Sum {w(i)*y(i), i = 1, c1} / Sum {w(i)*y(i), i = c2, c3}

y(j) = mole fraction of species j

w(j) = weighting factor of species j (usually 1)

This blurb about how compositions are defined may look complicated, but it merely states that a composition can be defined as the ratio of a numerator and denominator, each of which is an arbitrary linear combination of the species fractions. The mysterious weighting factor is simply a stoichiometric coefficient that may be adjusted for some purposes, but most often is set to 1. The blurb is followed by the prompts which are answered as indicated to define the compositional variable that corresponds to the mole fraction of albite in plagioclase.

How many species in the numerator of the composition (<13)?

**1**

Enter species indices and weighting factors for the numerator:

1 - an

2 - abh

3 - san

**2 1**

How many species in the denominator of the composition (<12)?

Enter zero to use the numerator as a composition.

**0**

The compositional variable is: 1.0 y(abh)

Change it (y/n)?

**n**

This composition will be
designated: **C[Feldspar1]**

In subsequent output WERAMI identifies the composition as **C[Feldspar1]**, so if multiple
compositions are to be defined in a single session it is helpful to note which
name corresponds to which variable.

Usually, there is no need to use and define a denominator for compositions expressed in terms of species, but if instead of the albite mole fraction, the molar Na/Ca ratio was of interest, this variable would be defined by the prompt/response sequence:

How many species in the numerator of the composition (<13)?

**1**

Enter species indices and weighting factors for the numerator:

1 - an

2 - abh

3 - san

**2 1**

How many species in the denominator of the composition (<13)?

Enter zero to use the numerator as a composition.

**1**

Enter species indices and weighting factors for the denominator:

1 - an

2 - abh

3 - san

**2 1 **

The compositional variable is: 1.0 y(abh)/ [1.0 y(an)]

...

**Example
2****: Mole/Mass fraction of albite
in Feldspar, in terms of components:**

Although it is probable that every petrologist will recognize the endmembers of the Feldspar model, in less common phases the stoichiometry of the endmembers may be unfamiliar in which case it is preferable to define phase compositions in terms of the components specified in the header of the thermodynamic data file. This example illustrates that procedure:

After Prompt 1 is answered **n**, WERAMI outputs the blurb:

Compositions are defined as a ratio of the form:

Sum {w(i)*n(i), i = 1, c1} / Sum {w(i)*n(i), i = c2, c3}

n(j) = molar amount of component j

w(j) = weighting factor of component j (usually 1)

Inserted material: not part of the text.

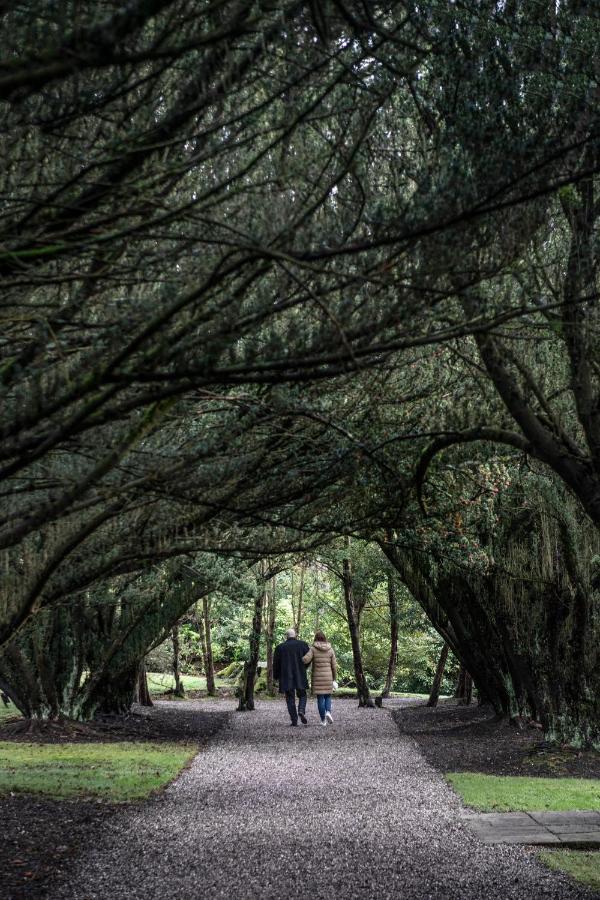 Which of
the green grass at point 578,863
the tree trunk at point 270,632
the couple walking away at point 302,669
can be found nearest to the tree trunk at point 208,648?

This blurb differs from the previous example only in that n(j), the molar amount of component j, now appears in place of y(j), the mole fraction of species j. Here the goal is to define mole fraction of Na on the octahedral site (n(Na)/[n(Na) + n(Ca) + n(K)]), i.e., the mole fraction of the albite endmember. The WERAMI dialog below accomplishes this:

How many components in the numerator of the composition (<13)?

**1**

Enter component indices and weighting factors for the numerator:

1 - CaO

2 - Na2O

3 - K2O

4 - Al2O3

5 - SiO2

**2 2**

How many components in the denominator of the composition (<12)?

Enter zero to use the numerator as a composition.

**3**

Enter component indices and weighting factors for the dominator:

1 - CaO

2 - Na2O

3 - K2O

4 - Al2O3

5 - SiO2

**1 1**

**2 2**

**3 2**

The compositional variable is: 0.5 n(Na2O)/[ 1.0 n(CaO) + 2.0 n(Na2O) + 2.0 n(K2O)]

Change it (y/n)?

**n**

This composition will be
designated: **C[Feldspar2]**

The weighting factors on K2O and Na2O are 2 to convert the molar amount of the oxide to the molar amount of the element. For the standard 8-oxygen per formula unit of feldspar there is one octahedral cation and the numerator C = 2 n(Na2O) would be sufficient to specify the composition variable. The utility of specifying the denominator, is that the formulation of the compositional variable does not require knowledge of the formula unit assumed in the Feldspar solution model.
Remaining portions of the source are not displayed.